======== Listed records

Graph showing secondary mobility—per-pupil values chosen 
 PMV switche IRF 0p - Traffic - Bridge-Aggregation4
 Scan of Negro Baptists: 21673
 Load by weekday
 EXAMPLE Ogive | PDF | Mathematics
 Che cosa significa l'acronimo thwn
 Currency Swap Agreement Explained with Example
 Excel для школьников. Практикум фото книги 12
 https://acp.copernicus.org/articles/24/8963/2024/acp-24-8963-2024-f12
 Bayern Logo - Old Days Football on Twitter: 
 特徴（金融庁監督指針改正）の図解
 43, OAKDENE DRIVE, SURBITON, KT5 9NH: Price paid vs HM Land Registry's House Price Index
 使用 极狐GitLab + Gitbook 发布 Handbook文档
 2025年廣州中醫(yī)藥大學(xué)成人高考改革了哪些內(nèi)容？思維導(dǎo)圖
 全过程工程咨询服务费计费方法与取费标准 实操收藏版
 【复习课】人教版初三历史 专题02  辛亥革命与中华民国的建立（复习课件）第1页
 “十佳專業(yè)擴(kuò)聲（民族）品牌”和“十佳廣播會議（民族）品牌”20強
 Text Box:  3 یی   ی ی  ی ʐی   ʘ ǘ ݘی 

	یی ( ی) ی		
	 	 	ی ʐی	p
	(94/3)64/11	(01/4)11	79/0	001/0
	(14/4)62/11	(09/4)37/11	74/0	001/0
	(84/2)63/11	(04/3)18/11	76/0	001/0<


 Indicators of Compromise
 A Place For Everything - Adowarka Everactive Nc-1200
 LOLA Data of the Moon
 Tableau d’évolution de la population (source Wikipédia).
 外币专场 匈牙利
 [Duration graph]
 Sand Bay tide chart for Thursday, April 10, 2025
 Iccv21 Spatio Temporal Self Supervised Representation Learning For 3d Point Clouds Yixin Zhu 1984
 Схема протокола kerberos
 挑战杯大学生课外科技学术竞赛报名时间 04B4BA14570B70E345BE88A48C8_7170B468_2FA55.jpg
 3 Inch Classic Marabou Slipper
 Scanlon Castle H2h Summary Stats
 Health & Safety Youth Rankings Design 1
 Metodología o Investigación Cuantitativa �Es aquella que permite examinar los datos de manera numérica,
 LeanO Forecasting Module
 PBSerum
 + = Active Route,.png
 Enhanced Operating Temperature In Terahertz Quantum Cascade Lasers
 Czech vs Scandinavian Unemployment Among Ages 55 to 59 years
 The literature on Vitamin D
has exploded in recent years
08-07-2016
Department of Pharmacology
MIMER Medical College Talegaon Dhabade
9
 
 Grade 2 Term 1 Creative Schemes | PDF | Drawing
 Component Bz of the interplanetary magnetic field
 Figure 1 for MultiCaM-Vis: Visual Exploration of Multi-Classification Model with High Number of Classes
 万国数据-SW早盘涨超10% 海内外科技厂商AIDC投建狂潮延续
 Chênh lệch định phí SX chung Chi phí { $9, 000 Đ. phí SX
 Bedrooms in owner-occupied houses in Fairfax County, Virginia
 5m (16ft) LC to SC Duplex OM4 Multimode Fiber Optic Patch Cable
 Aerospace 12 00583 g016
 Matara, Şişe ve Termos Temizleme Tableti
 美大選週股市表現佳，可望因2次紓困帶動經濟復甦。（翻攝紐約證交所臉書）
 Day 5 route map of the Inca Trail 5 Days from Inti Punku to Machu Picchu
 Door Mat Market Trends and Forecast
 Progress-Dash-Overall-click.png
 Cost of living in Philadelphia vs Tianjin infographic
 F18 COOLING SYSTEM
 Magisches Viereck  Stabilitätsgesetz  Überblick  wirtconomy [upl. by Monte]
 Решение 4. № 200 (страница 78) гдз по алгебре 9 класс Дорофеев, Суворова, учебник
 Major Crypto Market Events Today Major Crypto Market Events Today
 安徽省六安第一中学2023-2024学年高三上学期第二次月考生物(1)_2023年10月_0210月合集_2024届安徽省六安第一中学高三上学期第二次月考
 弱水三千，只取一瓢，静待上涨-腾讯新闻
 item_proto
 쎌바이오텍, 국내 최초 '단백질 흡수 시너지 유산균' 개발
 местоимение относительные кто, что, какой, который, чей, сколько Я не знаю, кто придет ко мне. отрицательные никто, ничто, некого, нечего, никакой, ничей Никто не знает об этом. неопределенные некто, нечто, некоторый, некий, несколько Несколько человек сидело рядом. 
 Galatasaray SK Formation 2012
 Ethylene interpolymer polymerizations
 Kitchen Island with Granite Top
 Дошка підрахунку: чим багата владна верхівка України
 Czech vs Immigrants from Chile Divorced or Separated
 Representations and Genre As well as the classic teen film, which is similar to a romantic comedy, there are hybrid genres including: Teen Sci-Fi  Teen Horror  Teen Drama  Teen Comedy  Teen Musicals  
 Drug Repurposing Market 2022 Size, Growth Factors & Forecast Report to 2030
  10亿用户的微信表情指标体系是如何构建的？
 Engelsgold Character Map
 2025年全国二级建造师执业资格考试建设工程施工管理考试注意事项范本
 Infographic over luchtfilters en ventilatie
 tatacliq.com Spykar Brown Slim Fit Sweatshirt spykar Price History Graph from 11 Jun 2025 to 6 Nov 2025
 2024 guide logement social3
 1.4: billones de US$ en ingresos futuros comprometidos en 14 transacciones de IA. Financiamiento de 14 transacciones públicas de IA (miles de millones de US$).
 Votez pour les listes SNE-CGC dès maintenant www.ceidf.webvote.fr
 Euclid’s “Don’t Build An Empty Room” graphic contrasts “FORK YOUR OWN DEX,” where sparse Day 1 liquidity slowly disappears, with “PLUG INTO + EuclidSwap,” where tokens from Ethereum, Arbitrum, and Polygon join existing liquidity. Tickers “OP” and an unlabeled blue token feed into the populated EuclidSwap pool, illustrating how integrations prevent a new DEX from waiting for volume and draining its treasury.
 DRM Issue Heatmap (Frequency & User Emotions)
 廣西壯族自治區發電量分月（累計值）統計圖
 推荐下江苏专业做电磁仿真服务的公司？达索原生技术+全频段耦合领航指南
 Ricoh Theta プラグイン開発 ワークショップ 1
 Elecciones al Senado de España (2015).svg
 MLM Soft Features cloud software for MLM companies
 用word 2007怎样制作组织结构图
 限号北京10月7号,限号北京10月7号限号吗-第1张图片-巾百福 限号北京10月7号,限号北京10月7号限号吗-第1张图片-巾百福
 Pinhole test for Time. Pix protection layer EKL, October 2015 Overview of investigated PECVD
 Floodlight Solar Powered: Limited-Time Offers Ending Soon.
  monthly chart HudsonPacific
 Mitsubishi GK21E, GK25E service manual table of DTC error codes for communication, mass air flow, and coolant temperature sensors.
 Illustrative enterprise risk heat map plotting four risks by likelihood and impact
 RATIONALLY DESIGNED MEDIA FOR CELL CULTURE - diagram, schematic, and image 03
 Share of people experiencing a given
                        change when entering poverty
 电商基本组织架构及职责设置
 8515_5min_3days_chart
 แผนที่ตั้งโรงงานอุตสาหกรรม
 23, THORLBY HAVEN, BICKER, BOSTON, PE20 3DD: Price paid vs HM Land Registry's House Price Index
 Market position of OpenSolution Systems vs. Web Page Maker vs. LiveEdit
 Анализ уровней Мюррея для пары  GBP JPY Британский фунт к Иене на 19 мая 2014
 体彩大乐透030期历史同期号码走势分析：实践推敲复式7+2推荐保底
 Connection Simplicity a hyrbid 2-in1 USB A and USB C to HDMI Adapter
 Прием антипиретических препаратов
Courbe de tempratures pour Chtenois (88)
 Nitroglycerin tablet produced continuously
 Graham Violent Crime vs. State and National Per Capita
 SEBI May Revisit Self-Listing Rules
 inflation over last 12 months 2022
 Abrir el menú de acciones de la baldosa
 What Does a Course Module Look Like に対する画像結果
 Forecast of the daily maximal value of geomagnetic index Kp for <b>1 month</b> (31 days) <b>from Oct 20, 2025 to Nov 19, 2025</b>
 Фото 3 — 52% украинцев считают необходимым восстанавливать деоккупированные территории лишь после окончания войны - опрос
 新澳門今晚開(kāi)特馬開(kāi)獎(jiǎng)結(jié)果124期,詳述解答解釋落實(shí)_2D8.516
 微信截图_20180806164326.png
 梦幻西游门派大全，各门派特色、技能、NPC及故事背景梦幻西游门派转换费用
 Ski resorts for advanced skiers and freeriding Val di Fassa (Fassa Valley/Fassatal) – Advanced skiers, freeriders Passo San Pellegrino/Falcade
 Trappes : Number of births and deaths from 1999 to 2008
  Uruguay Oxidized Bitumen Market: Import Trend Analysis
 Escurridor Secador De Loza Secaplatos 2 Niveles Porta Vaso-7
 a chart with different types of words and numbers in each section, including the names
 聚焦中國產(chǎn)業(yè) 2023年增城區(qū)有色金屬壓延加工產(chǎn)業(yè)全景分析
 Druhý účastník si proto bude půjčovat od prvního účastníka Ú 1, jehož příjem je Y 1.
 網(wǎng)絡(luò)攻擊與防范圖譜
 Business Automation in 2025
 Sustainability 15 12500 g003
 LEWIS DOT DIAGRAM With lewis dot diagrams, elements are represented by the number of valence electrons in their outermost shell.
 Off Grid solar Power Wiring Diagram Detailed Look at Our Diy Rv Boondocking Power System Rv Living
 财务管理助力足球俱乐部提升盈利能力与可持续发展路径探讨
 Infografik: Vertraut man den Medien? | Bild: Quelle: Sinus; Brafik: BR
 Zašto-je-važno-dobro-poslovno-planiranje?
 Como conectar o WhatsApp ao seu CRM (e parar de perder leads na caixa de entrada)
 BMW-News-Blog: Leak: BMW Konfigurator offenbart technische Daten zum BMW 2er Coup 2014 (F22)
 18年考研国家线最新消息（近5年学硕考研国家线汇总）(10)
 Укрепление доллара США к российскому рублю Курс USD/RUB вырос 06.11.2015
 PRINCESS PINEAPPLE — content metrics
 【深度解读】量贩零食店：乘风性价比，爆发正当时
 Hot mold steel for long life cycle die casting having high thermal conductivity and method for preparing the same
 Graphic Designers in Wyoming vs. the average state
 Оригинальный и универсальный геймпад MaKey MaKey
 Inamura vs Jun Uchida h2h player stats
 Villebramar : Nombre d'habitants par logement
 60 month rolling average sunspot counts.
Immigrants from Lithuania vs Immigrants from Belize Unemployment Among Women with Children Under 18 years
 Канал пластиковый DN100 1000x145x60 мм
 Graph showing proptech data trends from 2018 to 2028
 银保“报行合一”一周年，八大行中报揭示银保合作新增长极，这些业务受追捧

================

Taking the entries above, restate exactly those lines that fall between the line with "1.4: billones de" and the line with "What Does a Course Module Look Like に対する画像結果", keeping both of those lines too.

### Solution for this exercise
 1.4: billones de US$ en ingresos futuros comprometidos en 14 transacciones de IA. Financiamiento de 14 transacciones públicas de IA (miles de millones de US$).
 Votez pour les listes SNE-CGC dès maintenant www.ceidf.webvote.fr
 Euclid’s “Don’t Build An Empty Room” graphic contrasts “FORK YOUR OWN DEX,” where sparse Day 1 liquidity slowly disappears, with “PLUG INTO + EuclidSwap,” where tokens from Ethereum, Arbitrum, and Polygon join existing liquidity. Tickers “OP” and an unlabeled blue token feed into the populated EuclidSwap pool, illustrating how integrations prevent a new DEX from waiting for volume and draining its treasury.
 DRM Issue Heatmap (Frequency & User Emotions)
 廣西壯族自治區發電量分月（累計值）統計圖
 推荐下江苏专业做电磁仿真服务的公司？达索原生技术+全频段耦合领航指南
 Ricoh Theta プラグイン開発 ワークショップ 1
 Elecciones al Senado de España (2015).svg
 MLM Soft Features cloud software for MLM companies
 用word 2007怎样制作组织结构图
 限号北京10月7号,限号北京10月7号限号吗-第1张图片-巾百福 限号北京10月7号,限号北京10月7号限号吗-第1张图片-巾百福
 Pinhole test for Time. Pix protection layer EKL, October 2015 Overview of investigated PECVD
 Floodlight Solar Powered: Limited-Time Offers Ending Soon.
  monthly chart HudsonPacific
 Mitsubishi GK21E, GK25E service manual table of DTC error codes for communication, mass air flow, and coolant temperature sensors.
 Illustrative enterprise risk heat map plotting four risks by likelihood and impact
 RATIONALLY DESIGNED MEDIA FOR CELL CULTURE - diagram, schematic, and image 03
 Share of people experiencing a given
                        change when entering poverty
 电商基本组织架构及职责设置
 8515_5min_3days_chart
 แผนที่ตั้งโรงงานอุตสาหกรรม
 23, THORLBY HAVEN, BICKER, BOSTON, PE20 3DD: Price paid vs HM Land Registry's House Price Index
 Market position of OpenSolution Systems vs. Web Page Maker vs. LiveEdit
 Анализ уровней Мюррея для пары  GBP JPY Британский фунт к Иене на 19 мая 2014
 体彩大乐透030期历史同期号码走势分析：实践推敲复式7+2推荐保底
 Connection Simplicity a hyrbid 2-in1 USB A and USB C to HDMI Adapter
 Прием антипиретических препаратов
Courbe de tempratures pour Chtenois (88)
 Nitroglycerin tablet produced continuously
 Graham Violent Crime vs. State and National Per Capita
 SEBI May Revisit Self-Listing Rules
 inflation over last 12 months 2022
 Abrir el menú de acciones de la baldosa
 What Does a Course Module Look Like に対する画像結果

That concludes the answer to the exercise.